*** RECORDS FOR THE EXERCISE Section Begins ***
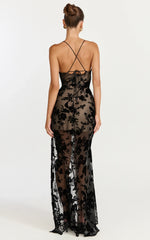 Violeta Maxi Dress - Corset Front Burnout Dress in Black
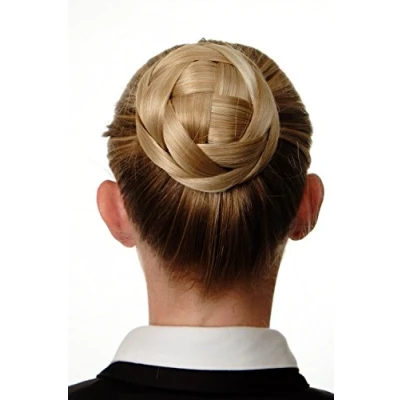 Abbildung von WIG ME UP Haarknoten Dutt Haarteil aufwendig geflochten Brautschmuck Tracht Steck Kamm Haarnadel Blond Goldblond Platinblond Mix Q399D 24BH613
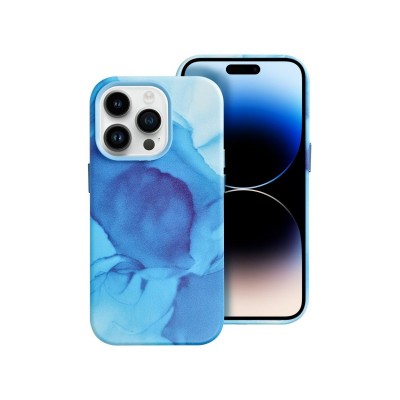 Husa iPhone 14 Pro, Magsafe, Microfibra La Interior, Blue Spalsh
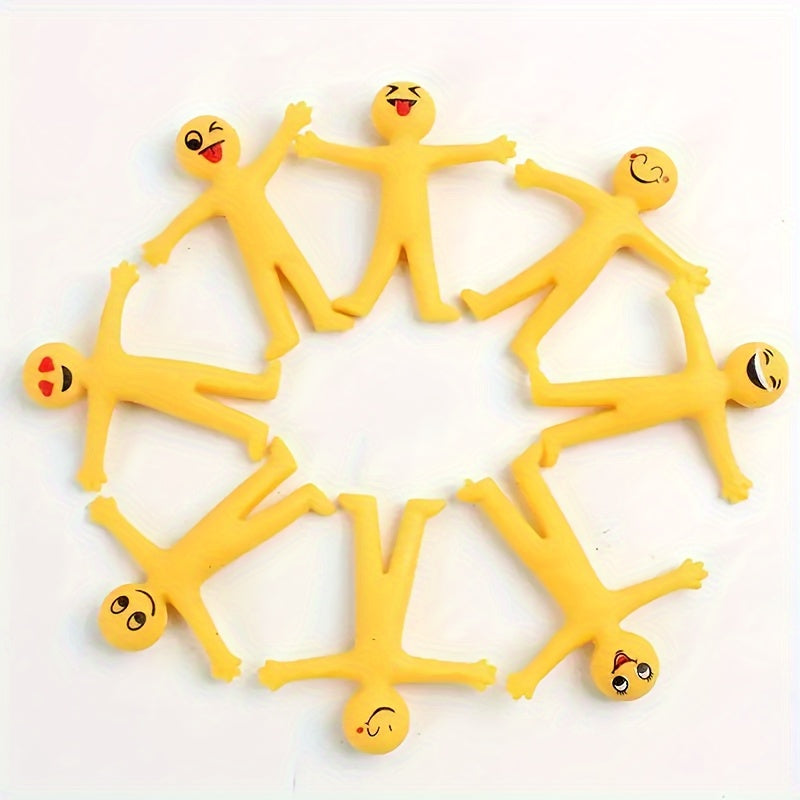 25 Creative Pull Toys - Stretchable Yellow Figures for Kids - Christmas Toys That Fold Into Semi-Soft, Ventilated Dolls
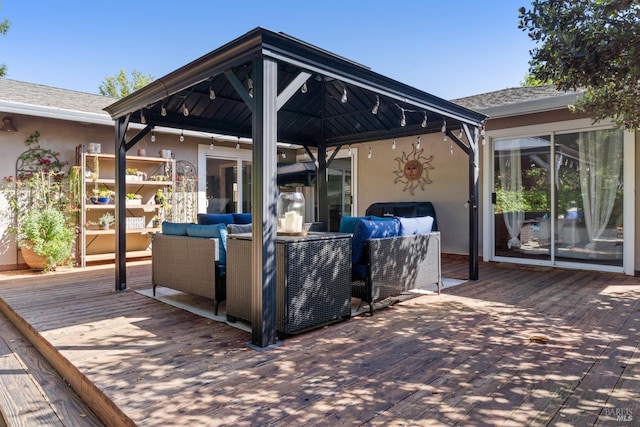 28 Washington St, Novato, CA 94947 - deck featuring a gazebo and outdoor lounge area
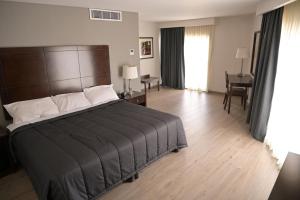 a bedroom with a large bed and a desk at Posada La Noria in Sombrerete +29 photos
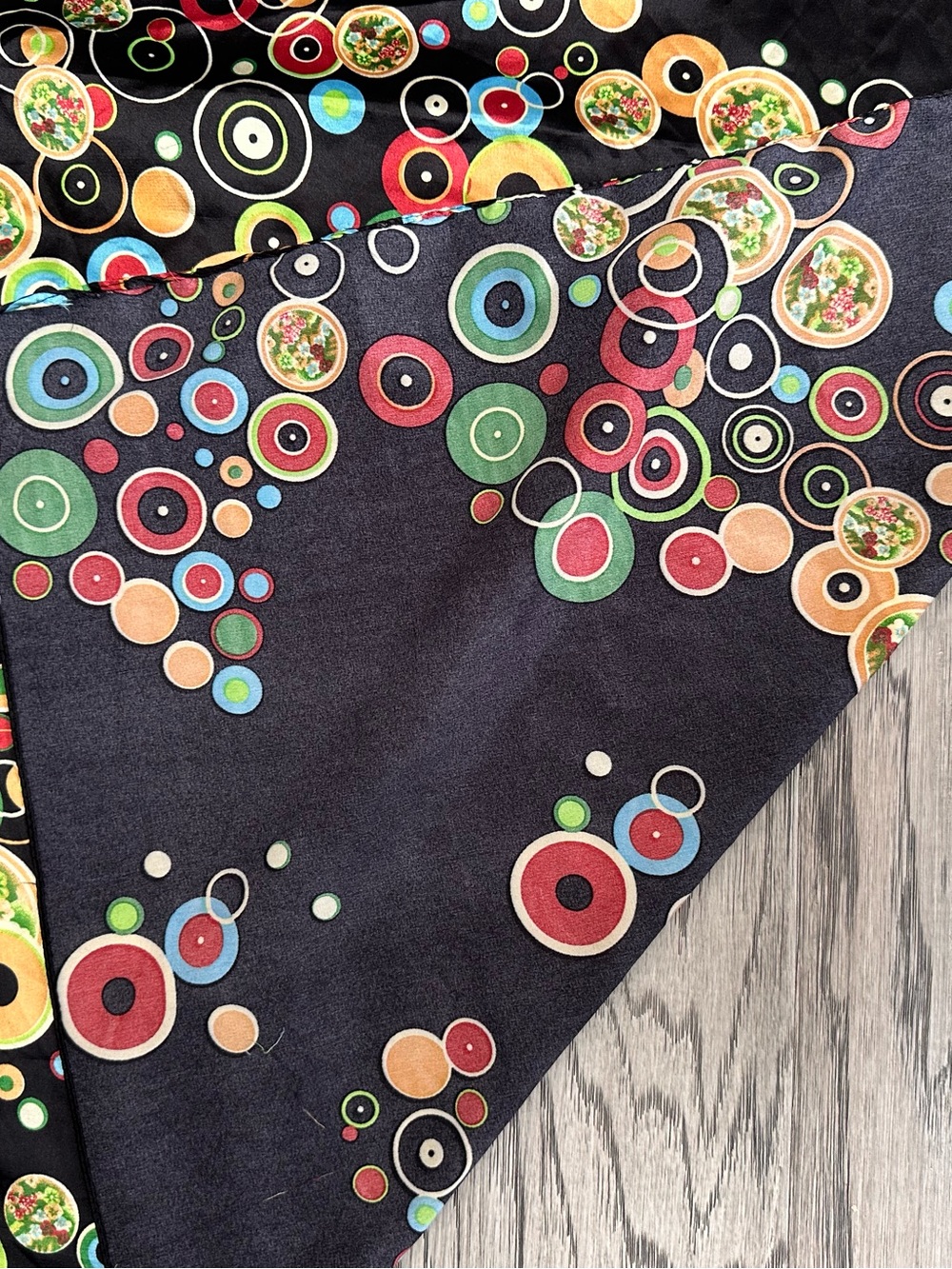 Black Multicolor Circle Print SCARF WRAP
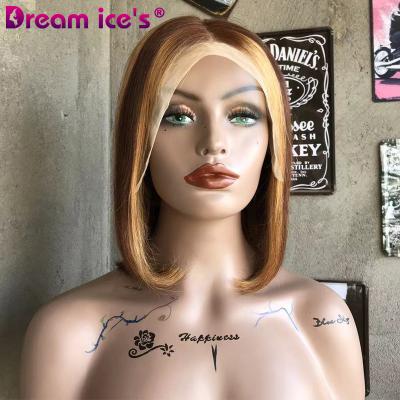 China DREAM.ICE BOB WIG Original Raw Brazilian Lace Straight Blunt Cut Cheap Highlight Piano Color Drawn Double Bone Hair Bob 10inch for sale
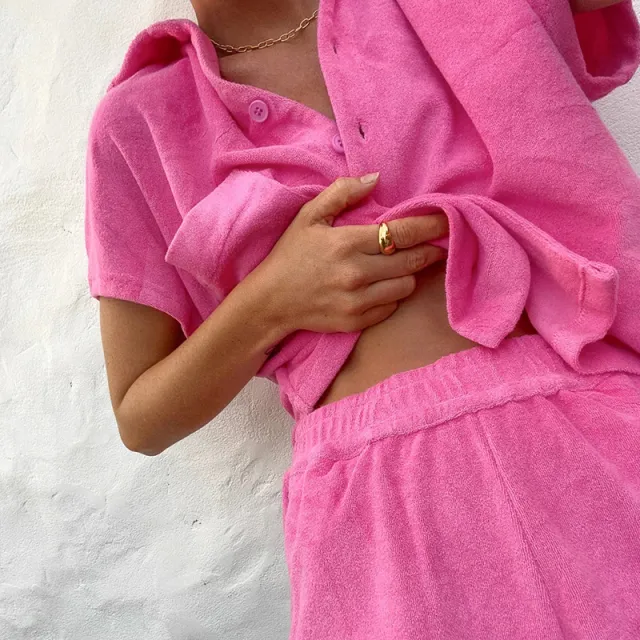 Women's Solid Colored Single Breasted Loose Fitting Fashionable Casual Homewear Set Rose Red - Shop at LoveMi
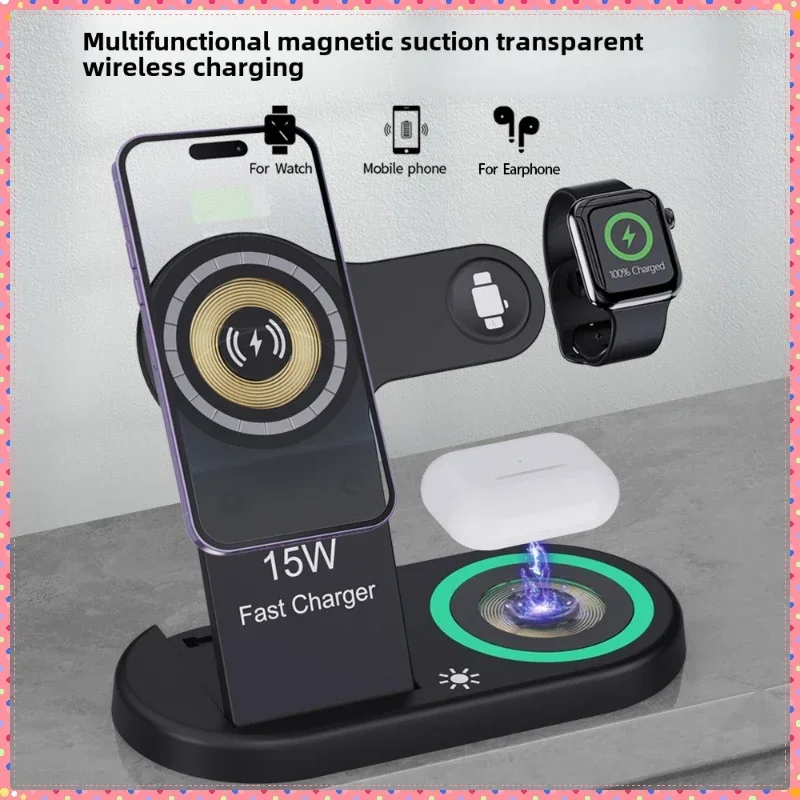 Watch 7 Smartwatch Iphone - 15W急速ワイヤレス充電スタンド 3in1折りたたみ式充電ステーション iPhone 15 14 13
*** RECORDS FOR THE EXERCISE Section Ends ***
TASK ITEM: The output should be the lines from the one with "China DREAM.ICE BOB" through the end of the material above, both ends included, printed exactly and nothing else. Drop the pictures.

ANSWER TO THE PROBLEM:
 China DREAM.ICE BOB WIG Original Raw Brazilian Lace Straight Blunt Cut Cheap Highlight Piano Color Drawn Double Bone Hair Bob 10inch for sale
 Women's Solid Colored Single Breasted Loose Fitting Fashionable Casual Homewear Set Rose Red - Shop at LoveMi
 Watch 7 Smartwatch Iphone - 15W急速ワイヤレス充電スタンド 3in1折りたたみ式充電ステーション iPhone 15 14 13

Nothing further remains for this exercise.